The reply should hold every entry exactly as written and none of the pictures.

━━━ Data extract

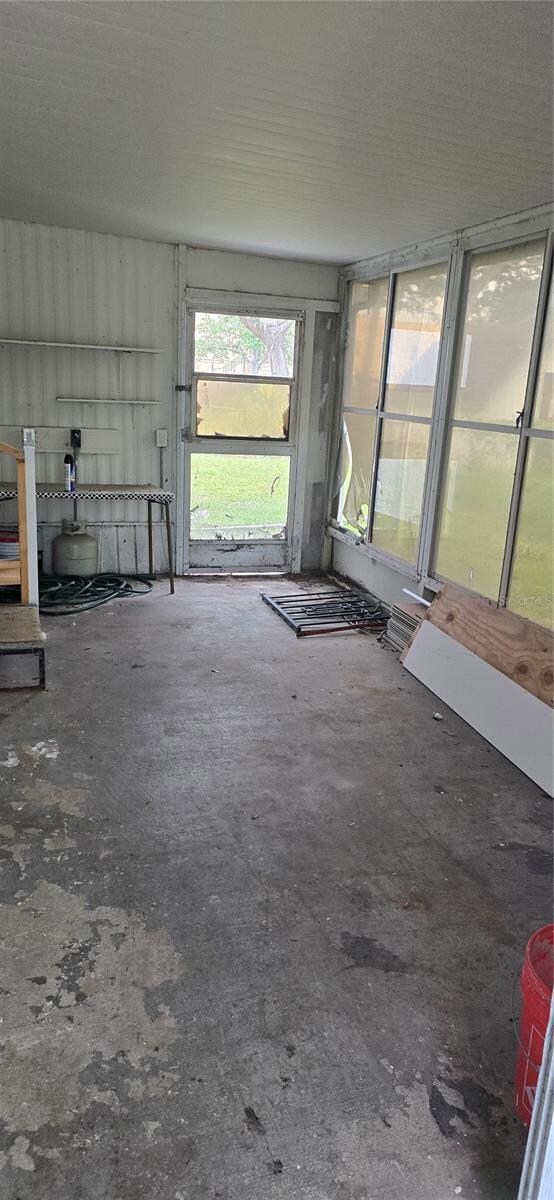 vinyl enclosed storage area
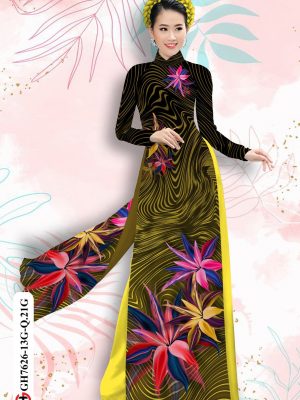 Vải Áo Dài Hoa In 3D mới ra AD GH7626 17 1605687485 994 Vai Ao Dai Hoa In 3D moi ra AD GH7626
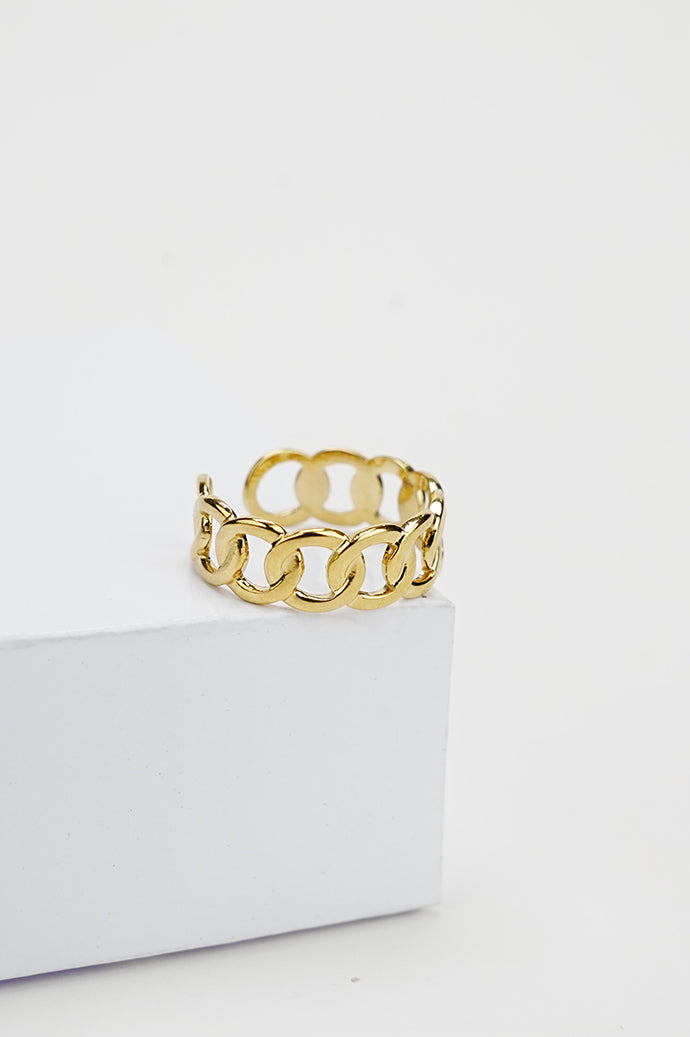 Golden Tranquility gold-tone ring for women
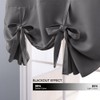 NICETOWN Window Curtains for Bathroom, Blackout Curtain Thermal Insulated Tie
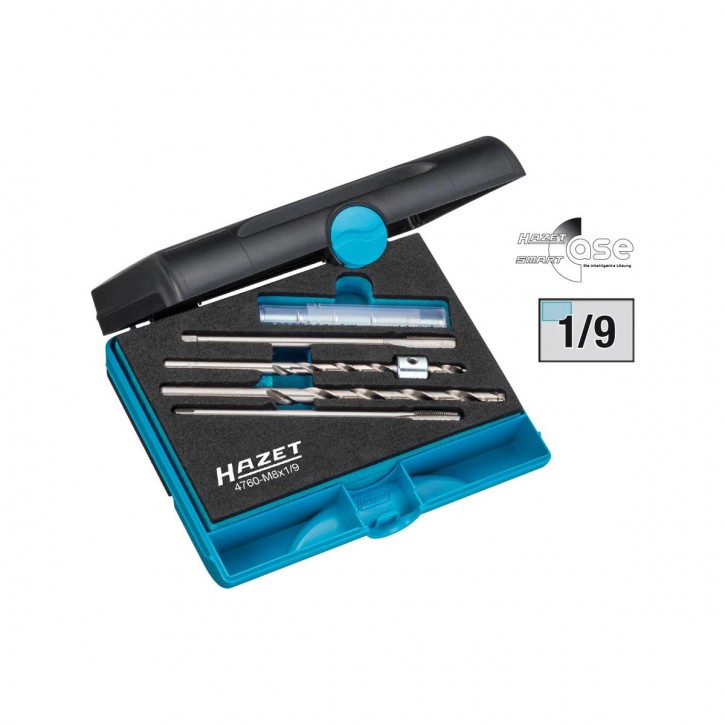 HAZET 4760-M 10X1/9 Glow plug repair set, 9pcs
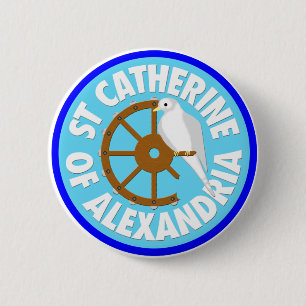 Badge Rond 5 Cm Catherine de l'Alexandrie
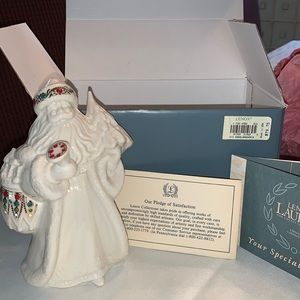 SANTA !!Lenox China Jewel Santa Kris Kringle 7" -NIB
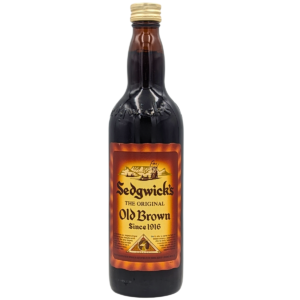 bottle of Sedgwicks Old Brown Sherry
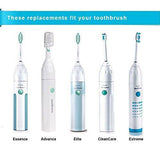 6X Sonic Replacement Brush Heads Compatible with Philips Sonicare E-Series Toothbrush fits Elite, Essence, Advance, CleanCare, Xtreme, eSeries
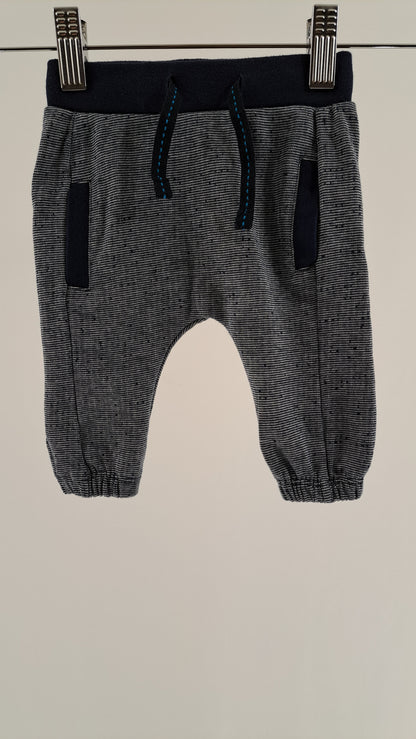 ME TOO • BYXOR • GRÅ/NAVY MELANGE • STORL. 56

━━━━━━

* _Response_:
 vinyl enclosed storage area
 Vải Áo Dài Hoa In 3D mới ra AD GH7626 17 1605687485 994 Vai Ao Dai Hoa In 3D moi ra AD GH7626
 Golden Tranquility gold-tone ring for women
 NICETOWN Window Curtains for Bathroom, Blackout Curtain Thermal Insulated Tie
 HAZET 4760-M 10X1/9 Glow plug repair set, 9pcs
 Badge Rond 5 Cm Catherine de l'Alexandrie
 SANTA !!Lenox China Jewel Santa Kris Kringle 7" -NIB
 bottle of Sedgwicks Old Brown Sherry
 6X Sonic Replacement Brush Heads Compatible with Philips Sonicare E-Series Toothbrush fits Elite, Essence, Advance, CleanCare, Xtreme, eSeries
 ME TOO • BYXOR • GRÅ/NAVY MELANGE • STORL. 56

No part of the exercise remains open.